Luckily, there was simultaneously another voice going,
“SORRY, SORRY, SORRY!!!”
And I recognised the voice, the voice that was saying “I left a message on Clare’s mobile, and another on your answering machine….”
It was one of my oldest friends, Rosie, who mostly lives in New Zealand.  She is over in the UK helping out a sick relative, and a couple of weeks earlier I had given her the house key in case she ever needed a bolt-hole.  And then I’d forgotten all about it.

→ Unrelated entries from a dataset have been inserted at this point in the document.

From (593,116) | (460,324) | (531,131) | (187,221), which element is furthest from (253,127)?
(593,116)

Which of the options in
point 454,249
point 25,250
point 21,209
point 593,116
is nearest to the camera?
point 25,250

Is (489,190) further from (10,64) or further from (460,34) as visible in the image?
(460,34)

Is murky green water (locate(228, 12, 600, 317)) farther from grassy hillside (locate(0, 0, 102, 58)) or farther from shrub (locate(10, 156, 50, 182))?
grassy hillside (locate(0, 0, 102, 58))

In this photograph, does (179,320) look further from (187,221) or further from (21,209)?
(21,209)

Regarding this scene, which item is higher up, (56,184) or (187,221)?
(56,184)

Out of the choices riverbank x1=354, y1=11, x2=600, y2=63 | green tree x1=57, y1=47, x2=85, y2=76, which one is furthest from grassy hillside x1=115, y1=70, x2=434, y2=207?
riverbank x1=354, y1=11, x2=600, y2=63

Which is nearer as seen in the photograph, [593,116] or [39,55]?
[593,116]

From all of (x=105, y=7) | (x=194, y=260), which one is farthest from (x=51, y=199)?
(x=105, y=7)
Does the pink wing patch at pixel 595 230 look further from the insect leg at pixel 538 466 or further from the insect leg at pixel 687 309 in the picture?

It’s just as well we didn’t have an ATM handy.

Sunday, 8 March 2015

Death and the Vole

Doomed Vole
Yesterday, Cath, Cecily and I were missing Dee, so took yet another break from our rubbish attempt at the Ridgeway and went for a local walk. 

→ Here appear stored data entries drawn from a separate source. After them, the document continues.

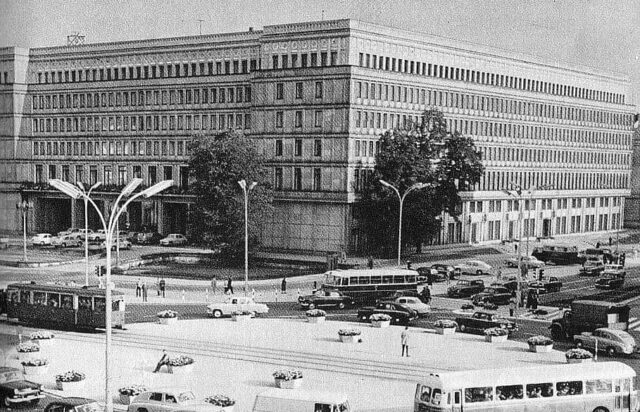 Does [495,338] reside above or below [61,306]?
below

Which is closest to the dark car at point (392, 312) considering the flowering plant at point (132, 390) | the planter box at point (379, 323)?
the planter box at point (379, 323)

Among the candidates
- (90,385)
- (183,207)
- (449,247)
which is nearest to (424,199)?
(449,247)

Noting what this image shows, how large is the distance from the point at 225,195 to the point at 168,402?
50.0m

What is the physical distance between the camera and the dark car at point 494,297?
65125 mm

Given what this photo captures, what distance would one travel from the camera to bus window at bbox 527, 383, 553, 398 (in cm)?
3400

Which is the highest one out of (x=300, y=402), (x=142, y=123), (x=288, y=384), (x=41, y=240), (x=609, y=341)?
(x=142, y=123)

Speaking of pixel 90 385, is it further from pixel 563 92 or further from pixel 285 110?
pixel 563 92

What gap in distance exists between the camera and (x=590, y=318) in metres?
51.3

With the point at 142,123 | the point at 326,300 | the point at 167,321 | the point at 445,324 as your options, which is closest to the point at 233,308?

The light had a soft, hopeful gleam to it.  Somewhere George Harrison was singing “Here comes the sun.”  Cecily shed one of her numerous pullovers. 
Spring had finally arrived.   

In the woods were drifts of snowdrops. 
And rustling around at the base of a tree, a little vole.  We watched it bumbling about. 
“I wish the children could see this.”
In reality, none of our children are any longer at the vole-admiring stage.  Probably in fact, still sleeping off the night before in their respective digs.
“I miss them.”
“We all do.”
But then we noticed that the vole was limping and blundering about as if dazed.
“Oh dear.  I don’t think he’s a well vole.”
“Nope”
We left it in peace (or more probably to some nearby predator), and walked on to the pub.
“Mind you,” said Cath, “If the children had been with us, we wouldn’t have been allowed to leave a sick vole to die of natural causes.”
“No, agreed Cecily, we’d have had to take it home somehow….”
“….and watch it die slowly in the kitchen.”

“You know, I’m not sure I miss the kids so much after all,”  I said sipping my lime and soda and leaning back on the sunlit bench.

Monday, 2 March 2015

Like a Tortoise Mating with a Drinks Can

As we watch our darlings depart for university with their whole lives before them, many of us mothers are now starting to tango with the menopause.   I thought I should find out more and last summer I attended a seminar.  It was a hot August day and the room was crowded.  Pretty soon, there were a lot of very flushed middle-aged women fanning themselves.  The venue manager grabbed her mike and announced, “The heating is stuck ‘on’ and we can’t unlock the windows, but don’t worry – IT’S NOT YOU!”
One friend who told me how, as she queued to pay for cough mixture while the local pharmacist had a lengthy discussion with a rather deaf old lady, her eye was caught by a novel menopause treatment – magnets. 
Yep.  Magnets for your pants – “Attach them to the fabric to alleviate menopause symptoms.” 
Being game and perhaps just a little bit desperate, my friend bought these and duly positioned them.  She felt a lot better and all went well until her supermarket shopping trip, when she experienced a tugging sensation and discovered that her lingerie was being inexorably attracted to her metal shopping trolley.  Apparently it looked a bit like that YouTube clip of the tortoise trying to mate with the drinks can.

It’ll be some time before she can return to Sainsbury’s.

Sunday, 1 March 2015

Quiz Night

This particular annual quiz between local churches has been a fixture in our diary for over a decade.  Church people are usually such nice people, except on quiz night, when they’re not.  
The event has a competitive edge so sharp it could slice steak.
The first time we went to this particular quiz, we had no idea.  We ambled in 2 minutes after the 7.30 start time to find that the questions had begun and that the rest of the team had already completed the table rounds.  I then disgraced myself by drinking two glasses of wine in quick succession which made my general knowledge go all blurry and limp.
Although this happened a long time ago, I have not been selected for our church’s A team since and I have dragged Nigel down with me.
However, I always hope one day to redeem myself, and had even trained this year by watching Pointless while visiting my parents at half term. (It actually turned out to be Two Tribes, but we just thought it was the same programme with slightly different rules.)

Last night, we were one man down as Nigel had a fever and things didn’t look good.  But we came a very respectable second and (most importantly) were a whole two points ahead of our church’s A team.